One of the biggest problems with the way lists like this function is the way we often have to repeat something we said a lot earlier in the exchanges, and when there is a lot of it and followed by hundreds of other posts it just gets lost.

Near the start of the discussion I mentioned the fact that I had very mixed and complicated feelings regarding Dylan, both the man and the output, and I think I even said somewhere that I never put anybody on a pedestal, ever. The fact that culturally Dylan is on a pedestal has got nothing to do with me, but of course I will have opinions regarding that fact. So, what the hell are you talking about?

Regarding the 'ripping him out of his context'? Which context? Dylan it seems to me has always questioned and ripped himself out of 'contexts'. Are you saying that the tradition Dylan walked into is the only context that is important? And so much could be said about that so-called  'tradition' at the time anyway, the folk boom of the early 60's America, with its various colours and disparate roots, let alone the way it evolved in urban liberal coffee houses frequented mainly by young, white, radically political and culturally liberal middle class 'folk', that it is just meaningless to refer to Dylan as some sort of 'inheritor' of anything.

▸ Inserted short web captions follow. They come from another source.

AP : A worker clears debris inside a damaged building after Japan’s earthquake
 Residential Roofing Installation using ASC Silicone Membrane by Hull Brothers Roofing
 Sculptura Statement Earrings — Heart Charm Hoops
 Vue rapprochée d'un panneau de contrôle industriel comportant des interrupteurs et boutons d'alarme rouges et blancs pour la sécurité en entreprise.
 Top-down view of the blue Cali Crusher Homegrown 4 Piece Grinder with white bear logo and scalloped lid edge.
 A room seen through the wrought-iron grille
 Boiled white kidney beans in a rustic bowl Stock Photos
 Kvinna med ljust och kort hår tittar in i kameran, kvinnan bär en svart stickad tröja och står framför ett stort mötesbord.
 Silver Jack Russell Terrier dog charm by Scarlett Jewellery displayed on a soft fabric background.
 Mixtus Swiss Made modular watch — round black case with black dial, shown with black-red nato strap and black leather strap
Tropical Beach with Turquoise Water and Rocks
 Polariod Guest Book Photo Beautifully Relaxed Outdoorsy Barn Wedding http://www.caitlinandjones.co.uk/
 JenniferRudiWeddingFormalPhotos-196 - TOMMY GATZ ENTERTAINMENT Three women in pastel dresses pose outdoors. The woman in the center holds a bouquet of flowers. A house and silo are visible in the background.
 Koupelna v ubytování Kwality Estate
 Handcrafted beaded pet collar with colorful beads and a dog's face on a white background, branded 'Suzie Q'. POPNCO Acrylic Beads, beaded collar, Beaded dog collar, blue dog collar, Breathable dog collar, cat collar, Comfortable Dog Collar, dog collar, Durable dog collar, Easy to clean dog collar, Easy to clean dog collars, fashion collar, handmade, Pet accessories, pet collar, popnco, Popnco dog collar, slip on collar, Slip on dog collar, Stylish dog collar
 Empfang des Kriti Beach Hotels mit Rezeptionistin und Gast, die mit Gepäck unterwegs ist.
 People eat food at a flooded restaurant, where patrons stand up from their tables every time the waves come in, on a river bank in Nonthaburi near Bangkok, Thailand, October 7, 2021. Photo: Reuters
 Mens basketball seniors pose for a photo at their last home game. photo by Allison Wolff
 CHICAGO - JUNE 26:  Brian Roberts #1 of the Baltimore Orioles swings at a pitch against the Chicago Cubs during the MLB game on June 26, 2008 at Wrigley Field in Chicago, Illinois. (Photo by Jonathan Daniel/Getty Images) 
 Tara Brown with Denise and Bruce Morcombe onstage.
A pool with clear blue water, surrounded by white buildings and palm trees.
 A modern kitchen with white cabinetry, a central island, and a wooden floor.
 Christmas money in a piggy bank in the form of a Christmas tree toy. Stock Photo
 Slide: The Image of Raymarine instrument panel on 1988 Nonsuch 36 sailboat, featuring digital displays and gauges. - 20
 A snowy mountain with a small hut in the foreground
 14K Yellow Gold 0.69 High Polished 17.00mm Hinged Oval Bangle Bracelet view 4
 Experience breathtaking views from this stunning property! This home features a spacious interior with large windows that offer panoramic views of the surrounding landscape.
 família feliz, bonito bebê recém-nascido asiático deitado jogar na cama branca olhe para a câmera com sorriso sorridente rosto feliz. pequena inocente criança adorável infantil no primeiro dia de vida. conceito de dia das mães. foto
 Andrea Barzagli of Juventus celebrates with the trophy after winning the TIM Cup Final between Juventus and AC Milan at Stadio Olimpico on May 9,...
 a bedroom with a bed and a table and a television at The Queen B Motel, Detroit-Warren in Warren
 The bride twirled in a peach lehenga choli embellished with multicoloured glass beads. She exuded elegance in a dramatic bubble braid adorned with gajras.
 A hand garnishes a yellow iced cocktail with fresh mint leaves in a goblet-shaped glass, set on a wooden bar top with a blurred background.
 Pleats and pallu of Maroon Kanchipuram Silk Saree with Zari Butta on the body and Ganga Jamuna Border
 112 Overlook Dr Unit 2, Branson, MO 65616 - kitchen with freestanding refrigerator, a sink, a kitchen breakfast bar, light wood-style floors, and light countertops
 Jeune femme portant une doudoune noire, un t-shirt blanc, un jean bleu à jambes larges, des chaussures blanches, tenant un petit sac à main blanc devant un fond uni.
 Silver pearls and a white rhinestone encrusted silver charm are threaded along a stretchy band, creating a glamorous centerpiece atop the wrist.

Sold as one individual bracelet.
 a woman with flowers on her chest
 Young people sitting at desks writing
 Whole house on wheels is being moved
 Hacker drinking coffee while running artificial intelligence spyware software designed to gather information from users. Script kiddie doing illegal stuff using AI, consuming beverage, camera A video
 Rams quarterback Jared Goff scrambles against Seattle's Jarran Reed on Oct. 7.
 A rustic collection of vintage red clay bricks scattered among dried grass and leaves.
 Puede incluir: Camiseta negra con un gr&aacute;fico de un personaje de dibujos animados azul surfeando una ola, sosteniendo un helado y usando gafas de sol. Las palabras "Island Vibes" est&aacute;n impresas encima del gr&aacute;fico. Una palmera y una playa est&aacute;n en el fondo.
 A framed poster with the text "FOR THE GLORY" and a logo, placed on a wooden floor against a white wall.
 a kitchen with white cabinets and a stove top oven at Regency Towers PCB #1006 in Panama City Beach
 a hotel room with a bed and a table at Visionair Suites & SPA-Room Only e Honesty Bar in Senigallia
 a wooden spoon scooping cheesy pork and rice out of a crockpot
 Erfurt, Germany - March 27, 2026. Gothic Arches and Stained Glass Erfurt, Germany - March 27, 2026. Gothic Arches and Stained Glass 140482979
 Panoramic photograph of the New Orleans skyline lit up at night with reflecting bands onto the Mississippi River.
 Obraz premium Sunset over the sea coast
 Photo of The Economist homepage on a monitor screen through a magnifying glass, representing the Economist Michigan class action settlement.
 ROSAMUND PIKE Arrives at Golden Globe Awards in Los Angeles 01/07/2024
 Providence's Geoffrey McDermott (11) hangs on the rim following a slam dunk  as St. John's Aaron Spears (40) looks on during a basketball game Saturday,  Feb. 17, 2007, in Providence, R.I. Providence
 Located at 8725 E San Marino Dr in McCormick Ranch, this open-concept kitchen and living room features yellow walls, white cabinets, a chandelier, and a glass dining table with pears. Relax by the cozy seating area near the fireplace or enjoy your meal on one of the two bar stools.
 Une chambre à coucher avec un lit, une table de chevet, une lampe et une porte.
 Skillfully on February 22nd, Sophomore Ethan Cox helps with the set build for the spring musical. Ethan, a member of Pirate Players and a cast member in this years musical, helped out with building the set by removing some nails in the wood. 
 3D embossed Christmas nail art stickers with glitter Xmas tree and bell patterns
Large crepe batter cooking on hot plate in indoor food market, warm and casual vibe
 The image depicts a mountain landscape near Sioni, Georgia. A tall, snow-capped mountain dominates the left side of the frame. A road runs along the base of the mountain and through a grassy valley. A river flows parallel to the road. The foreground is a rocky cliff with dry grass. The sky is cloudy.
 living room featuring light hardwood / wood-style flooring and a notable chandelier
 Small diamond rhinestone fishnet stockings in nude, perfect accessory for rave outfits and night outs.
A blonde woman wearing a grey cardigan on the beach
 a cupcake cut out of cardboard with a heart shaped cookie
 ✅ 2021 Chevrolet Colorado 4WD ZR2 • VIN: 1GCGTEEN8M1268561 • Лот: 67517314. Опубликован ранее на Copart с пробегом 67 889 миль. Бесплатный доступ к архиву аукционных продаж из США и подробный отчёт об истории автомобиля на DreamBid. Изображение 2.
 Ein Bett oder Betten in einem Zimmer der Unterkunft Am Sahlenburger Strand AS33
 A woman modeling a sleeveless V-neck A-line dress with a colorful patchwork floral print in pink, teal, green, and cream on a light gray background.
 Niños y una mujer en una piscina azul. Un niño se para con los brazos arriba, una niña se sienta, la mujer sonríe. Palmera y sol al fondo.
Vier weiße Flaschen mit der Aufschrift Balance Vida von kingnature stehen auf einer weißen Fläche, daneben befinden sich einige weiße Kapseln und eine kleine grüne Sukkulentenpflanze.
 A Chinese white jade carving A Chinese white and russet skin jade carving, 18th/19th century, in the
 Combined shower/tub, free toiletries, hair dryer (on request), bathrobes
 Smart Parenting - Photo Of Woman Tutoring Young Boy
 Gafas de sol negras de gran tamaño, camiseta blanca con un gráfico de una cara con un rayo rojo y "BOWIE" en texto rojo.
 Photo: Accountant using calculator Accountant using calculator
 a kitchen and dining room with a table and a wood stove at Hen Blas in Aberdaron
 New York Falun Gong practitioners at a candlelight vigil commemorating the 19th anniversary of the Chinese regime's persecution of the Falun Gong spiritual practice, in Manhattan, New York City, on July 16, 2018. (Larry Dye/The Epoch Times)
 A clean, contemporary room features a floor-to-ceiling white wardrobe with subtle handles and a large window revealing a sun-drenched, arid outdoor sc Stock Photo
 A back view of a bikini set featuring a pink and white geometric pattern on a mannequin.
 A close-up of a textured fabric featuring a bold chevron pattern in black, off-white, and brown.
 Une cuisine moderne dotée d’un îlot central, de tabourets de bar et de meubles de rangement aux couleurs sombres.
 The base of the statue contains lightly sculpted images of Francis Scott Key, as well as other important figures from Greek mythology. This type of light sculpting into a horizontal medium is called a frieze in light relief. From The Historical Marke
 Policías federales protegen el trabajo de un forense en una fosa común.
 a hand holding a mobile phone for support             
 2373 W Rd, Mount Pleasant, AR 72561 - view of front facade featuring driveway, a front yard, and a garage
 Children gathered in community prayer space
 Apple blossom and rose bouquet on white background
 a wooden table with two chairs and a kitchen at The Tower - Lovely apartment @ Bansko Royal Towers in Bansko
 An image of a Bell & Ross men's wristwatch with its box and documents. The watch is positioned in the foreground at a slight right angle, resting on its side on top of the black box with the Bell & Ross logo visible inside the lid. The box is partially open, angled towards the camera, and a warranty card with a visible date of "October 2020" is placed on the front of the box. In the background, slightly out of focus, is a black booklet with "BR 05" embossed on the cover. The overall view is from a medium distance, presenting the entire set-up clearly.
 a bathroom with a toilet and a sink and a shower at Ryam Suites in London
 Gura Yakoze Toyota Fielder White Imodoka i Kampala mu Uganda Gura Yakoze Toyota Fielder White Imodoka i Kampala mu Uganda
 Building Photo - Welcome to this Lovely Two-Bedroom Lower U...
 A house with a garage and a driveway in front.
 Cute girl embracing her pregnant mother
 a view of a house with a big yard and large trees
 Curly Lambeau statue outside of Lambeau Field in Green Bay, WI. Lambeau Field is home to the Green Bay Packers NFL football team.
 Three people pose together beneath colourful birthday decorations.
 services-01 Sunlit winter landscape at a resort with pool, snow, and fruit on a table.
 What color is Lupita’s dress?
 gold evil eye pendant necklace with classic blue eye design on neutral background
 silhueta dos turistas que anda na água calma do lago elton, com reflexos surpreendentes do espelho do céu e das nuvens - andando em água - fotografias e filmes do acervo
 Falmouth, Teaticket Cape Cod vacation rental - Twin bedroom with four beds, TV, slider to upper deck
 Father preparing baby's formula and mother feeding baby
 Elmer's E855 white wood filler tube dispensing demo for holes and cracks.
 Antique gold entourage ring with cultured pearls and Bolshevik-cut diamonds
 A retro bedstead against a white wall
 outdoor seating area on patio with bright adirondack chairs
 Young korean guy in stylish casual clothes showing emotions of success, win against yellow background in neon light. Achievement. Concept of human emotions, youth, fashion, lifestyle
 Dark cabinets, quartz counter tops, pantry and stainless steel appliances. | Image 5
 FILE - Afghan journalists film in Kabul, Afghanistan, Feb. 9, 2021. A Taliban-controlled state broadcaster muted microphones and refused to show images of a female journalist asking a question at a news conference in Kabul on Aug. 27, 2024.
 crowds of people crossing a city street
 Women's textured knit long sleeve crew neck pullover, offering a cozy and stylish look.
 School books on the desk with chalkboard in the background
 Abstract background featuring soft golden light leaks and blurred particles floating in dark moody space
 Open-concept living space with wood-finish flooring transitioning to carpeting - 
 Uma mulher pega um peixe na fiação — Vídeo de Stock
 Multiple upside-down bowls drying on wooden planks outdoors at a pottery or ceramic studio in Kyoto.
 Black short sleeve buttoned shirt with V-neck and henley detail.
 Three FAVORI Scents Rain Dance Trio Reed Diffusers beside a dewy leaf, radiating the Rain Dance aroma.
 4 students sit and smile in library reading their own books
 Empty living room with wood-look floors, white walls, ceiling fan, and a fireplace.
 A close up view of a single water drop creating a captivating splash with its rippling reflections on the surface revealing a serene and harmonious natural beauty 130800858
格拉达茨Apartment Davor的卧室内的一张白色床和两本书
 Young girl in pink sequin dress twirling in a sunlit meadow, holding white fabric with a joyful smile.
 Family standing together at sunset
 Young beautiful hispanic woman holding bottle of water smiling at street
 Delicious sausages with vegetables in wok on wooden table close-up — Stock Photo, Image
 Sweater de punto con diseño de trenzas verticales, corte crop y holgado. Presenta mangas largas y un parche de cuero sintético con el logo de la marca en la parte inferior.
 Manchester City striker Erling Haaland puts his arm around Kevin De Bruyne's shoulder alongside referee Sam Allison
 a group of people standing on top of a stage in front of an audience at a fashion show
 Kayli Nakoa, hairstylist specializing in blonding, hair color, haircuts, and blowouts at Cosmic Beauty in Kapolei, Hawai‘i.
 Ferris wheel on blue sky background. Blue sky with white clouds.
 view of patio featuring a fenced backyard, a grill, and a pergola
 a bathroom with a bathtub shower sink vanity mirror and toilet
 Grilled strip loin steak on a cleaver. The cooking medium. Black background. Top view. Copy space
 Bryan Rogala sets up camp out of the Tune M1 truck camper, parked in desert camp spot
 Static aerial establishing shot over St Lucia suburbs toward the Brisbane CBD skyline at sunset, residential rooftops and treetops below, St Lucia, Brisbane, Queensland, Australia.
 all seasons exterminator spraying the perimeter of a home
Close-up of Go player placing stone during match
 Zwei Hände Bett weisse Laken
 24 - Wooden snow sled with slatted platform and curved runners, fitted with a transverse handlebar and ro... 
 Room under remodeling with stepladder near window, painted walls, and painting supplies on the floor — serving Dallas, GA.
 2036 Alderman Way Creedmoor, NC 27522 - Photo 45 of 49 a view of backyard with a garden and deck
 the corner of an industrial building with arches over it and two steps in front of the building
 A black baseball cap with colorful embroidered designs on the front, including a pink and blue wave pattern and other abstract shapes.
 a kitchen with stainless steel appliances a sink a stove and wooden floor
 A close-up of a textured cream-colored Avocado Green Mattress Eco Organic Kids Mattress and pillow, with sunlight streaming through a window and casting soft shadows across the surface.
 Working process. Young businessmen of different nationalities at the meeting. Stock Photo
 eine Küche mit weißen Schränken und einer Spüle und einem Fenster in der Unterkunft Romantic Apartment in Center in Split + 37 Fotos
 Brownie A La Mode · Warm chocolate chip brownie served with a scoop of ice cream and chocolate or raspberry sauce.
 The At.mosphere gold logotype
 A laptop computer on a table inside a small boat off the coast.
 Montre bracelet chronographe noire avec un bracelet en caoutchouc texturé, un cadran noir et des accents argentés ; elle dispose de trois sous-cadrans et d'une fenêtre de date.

Where you are exactly coming from Robin, on this topic, needs clarification.

Cheers

Tim
  
On 29 Oct 2016, at 16:10, Robin Hamilton wrote:

> Deep down, we're probably seeing different Dylans.  When I look at him, I see (among other things) the inheritor of a particular tradition, the young Dylan sitting beside the aged Blind Willie McTell, both with their guitars, both singing the blues.  Sure, he extends the tradition, but he's still part of it, and I get the sense, perhaps unfairly, that you want to do to him what was done to Shakespeare, rip him out of his context and set him up on a pedestal as an object for Unique Adoration.